→ WORK TASK:
Starting with the line that has "Black Acetate Unisex Frame Black" in the records below and stopping after the line that has "Dodge Charger Se", output every line exactly and nothing else; skip pictures.

→ SUPPLIED MATERIAL:
'''

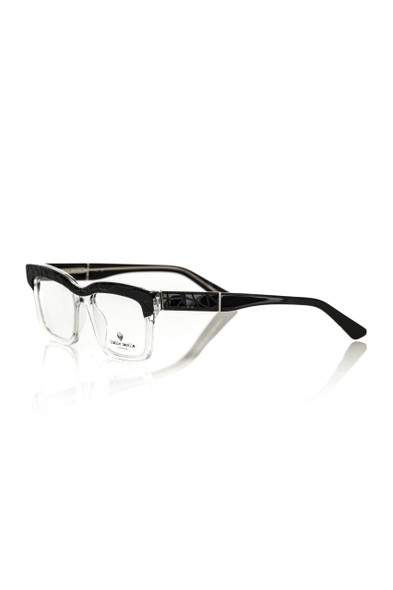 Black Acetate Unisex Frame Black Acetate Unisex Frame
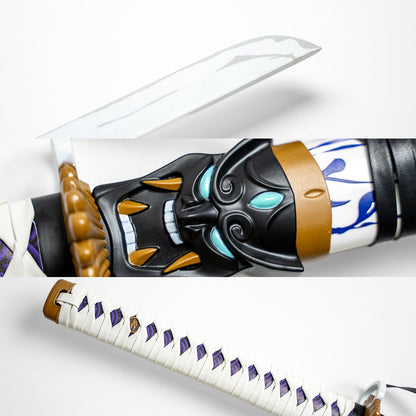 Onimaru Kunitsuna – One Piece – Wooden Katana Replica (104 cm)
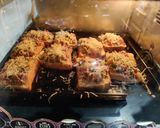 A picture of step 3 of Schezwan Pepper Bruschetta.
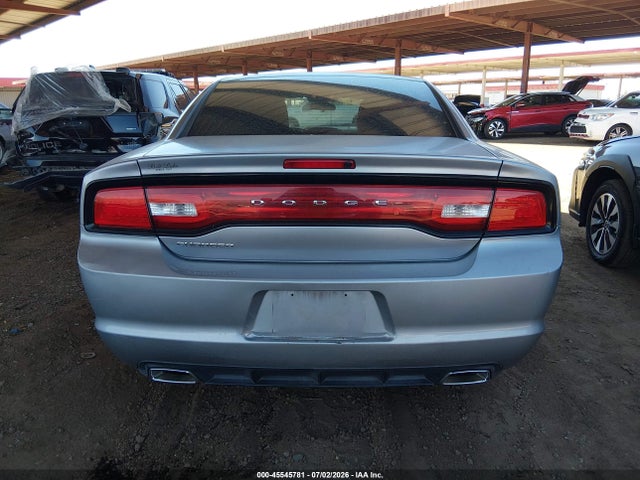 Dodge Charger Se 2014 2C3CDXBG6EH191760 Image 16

'''
'''

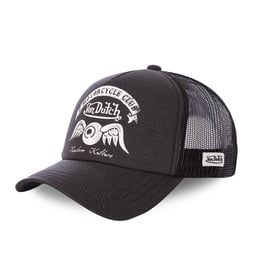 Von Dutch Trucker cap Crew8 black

'''
'''

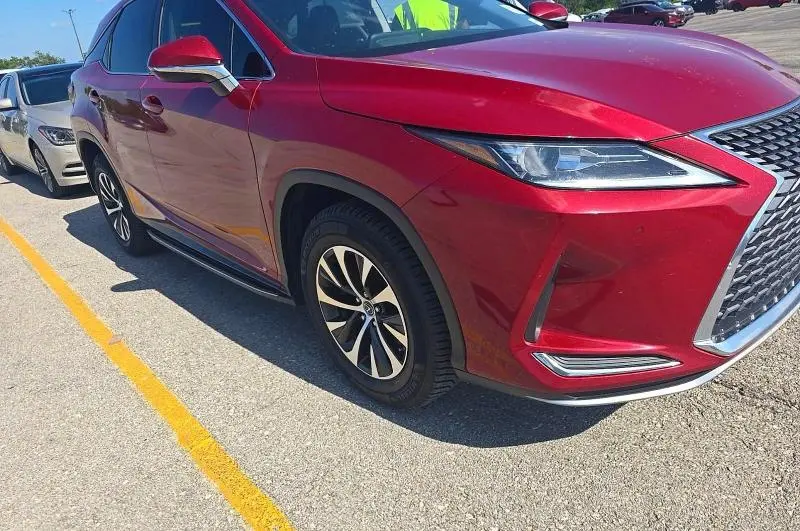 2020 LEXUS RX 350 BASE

'''

→ EXERCISE RESPONSE:
 Black Acetate Unisex Frame Black Acetate Unisex Frame
 Onimaru Kunitsuna – One Piece – Wooden Katana Replica (104 cm)
 A picture of step 3 of Schezwan Pepper Bruschetta.
 Dodge Charger Se 2014 2C3CDXBG6EH191760 Image 16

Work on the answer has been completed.